BEGIN

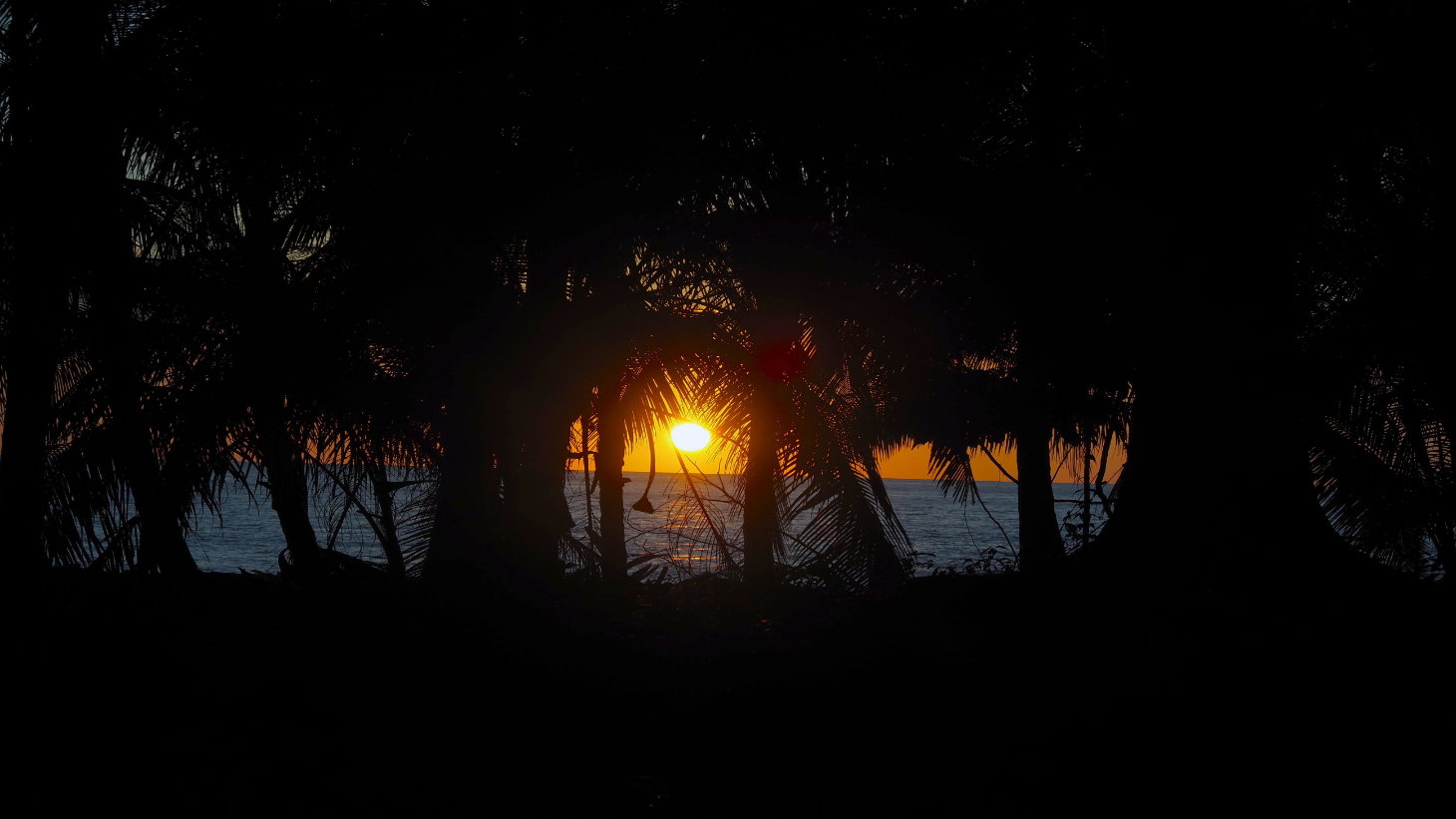 Rare Beachfront Lot Privately Located in Ballena Beach selected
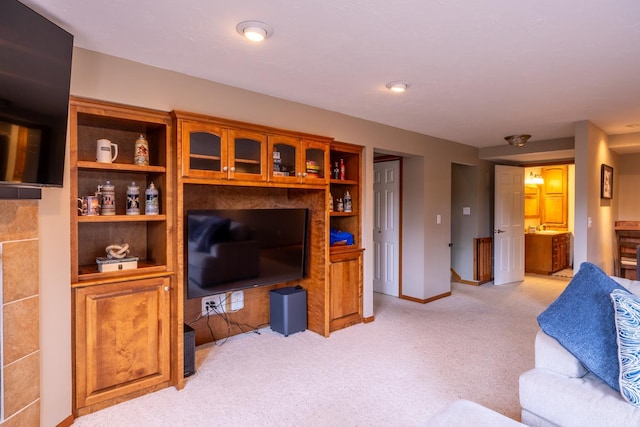1100 27th St SW, Austin, MN 55912 - living area with light carpet and baseboards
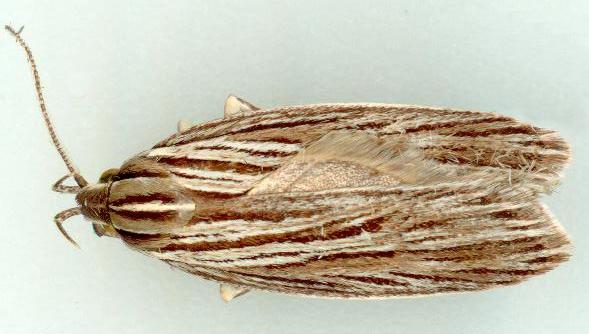 Leistarcha amphigramma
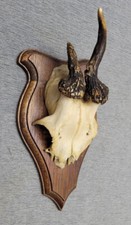 Kleine jagdtrophäe geweih gebraucht kaufen  Deutschland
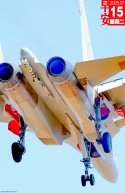 J-15T_WS-10H.jpg
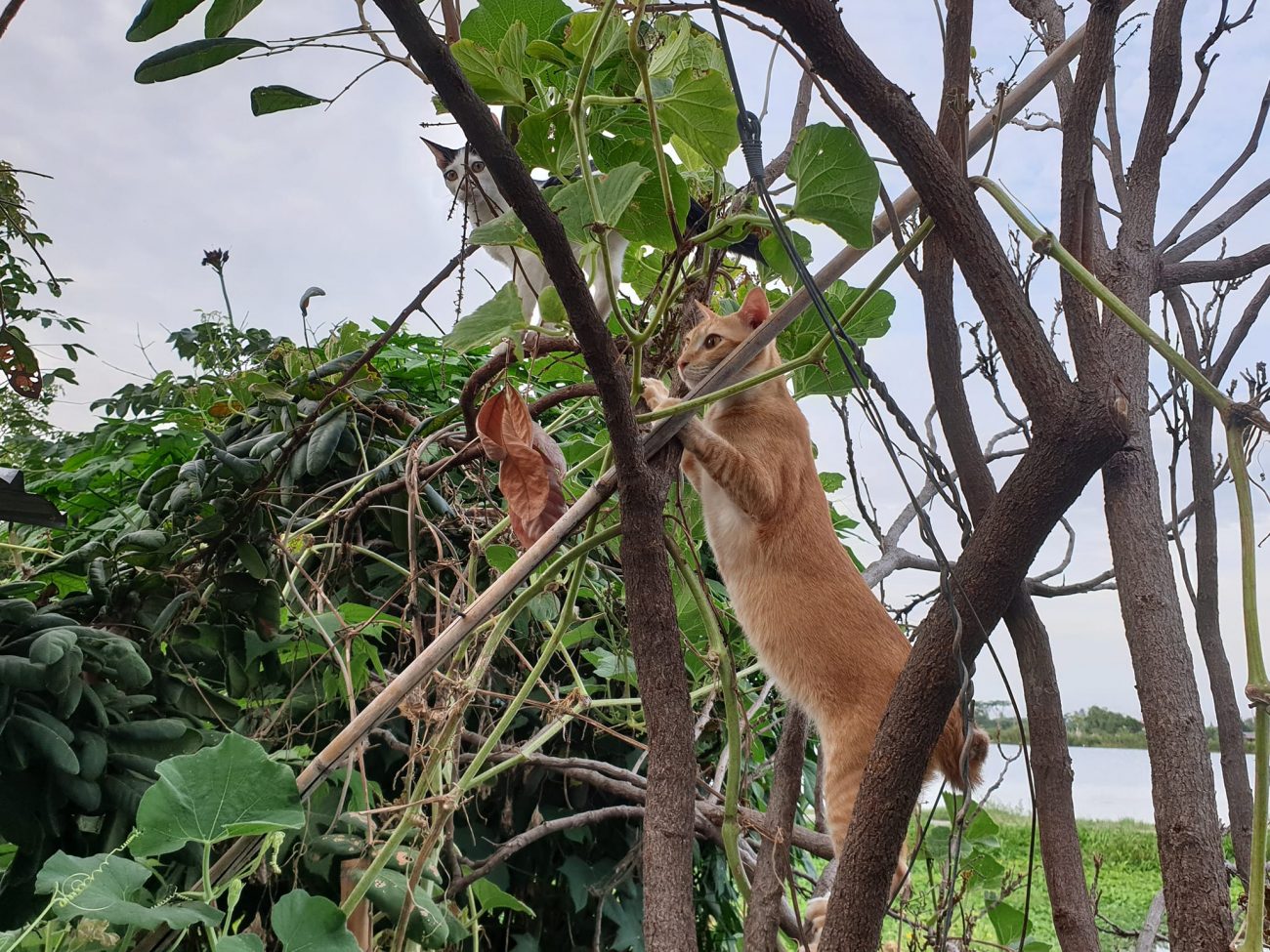 วันนี้พ่อรงขยันพาลูก ๆ ขึ้นหลังคา ถ้าหกโมงครึ่งไม่พากันลงจะโดนติดคุกยกแก๊งเลย 3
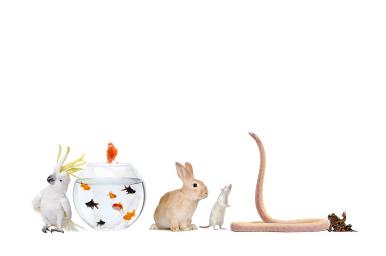 Técnico especialista en animales exóticos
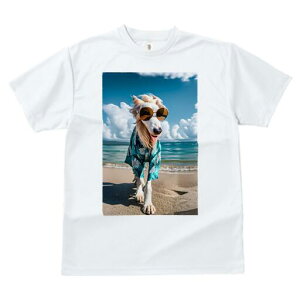 {]C TVc fB[X t@  t  vg JWA 킢 lԗp h ̃fUC ʔ r[` {]C C  TOX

END

- TASK TO COMPLETE -
The entries above need to be repeated in full, word for word. Skip the images.

- OUTPUT OF THE EXERCISE -
 Rare Beachfront Lot Privately Located in Ballena Beach selected
1100 27th St SW, Austin, MN 55912 - living area with light carpet and baseboards
 Leistarcha amphigramma
 Kleine jagdtrophäe geweih gebraucht kaufen  Deutschland
 J-15T_WS-10H.jpg
 วันนี้พ่อรงขยันพาลูก ๆ ขึ้นหลังคา ถ้าหกโมงครึ่งไม่พากันลงจะโดนติดคุกยกแก๊งเลย 3
 Técnico especialista en animales exóticos
 {]C TVc fB[X t@  t  vg JWA 킢 lԗp h ̃fUC ʔ r[` {]C C  TOX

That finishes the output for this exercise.